» What the exercise asks: What is needed is an exact reproduction of the lines in the records below, starting at the line with "Shot of a family" and ending at the line with "Calle comercial iluminada", both included, and nothing else; pictures stay out.

» Material for this exercise:
====
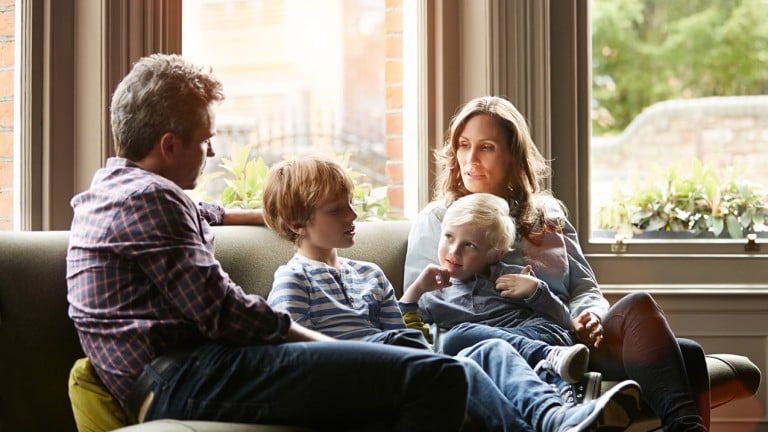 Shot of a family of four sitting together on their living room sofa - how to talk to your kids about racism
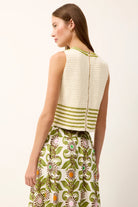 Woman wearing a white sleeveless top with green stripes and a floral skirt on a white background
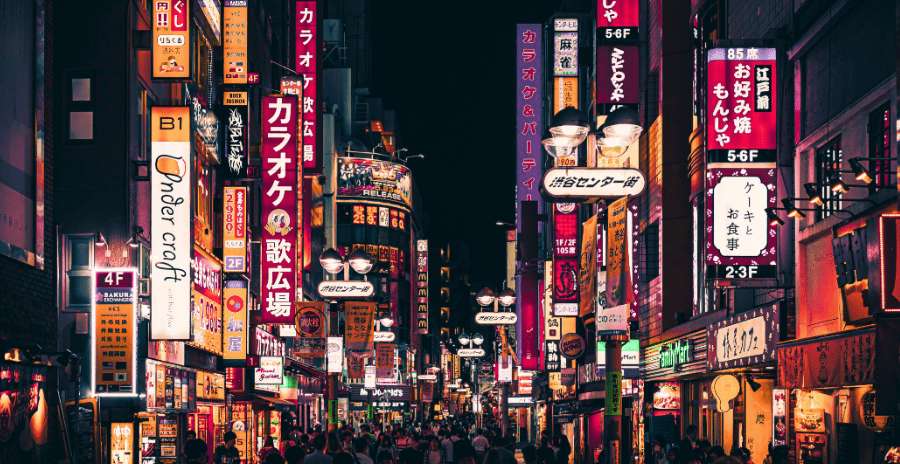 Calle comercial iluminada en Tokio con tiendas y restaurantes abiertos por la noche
====
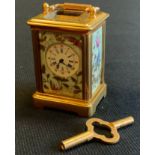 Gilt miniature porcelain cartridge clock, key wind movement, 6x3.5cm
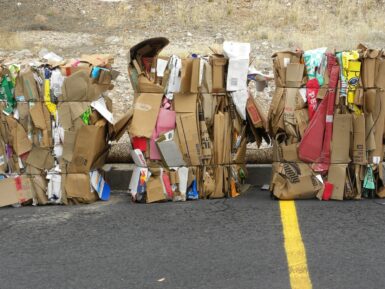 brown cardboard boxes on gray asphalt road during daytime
====
» Expected answer:
 Shot of a family of four sitting together on their living room sofa - how to talk to your kids about racism
 Woman wearing a white sleeveless top with green stripes and a floral skirt on a white background
 Calle comercial iluminada en Tokio con tiendas y restaurantes abiertos por la noche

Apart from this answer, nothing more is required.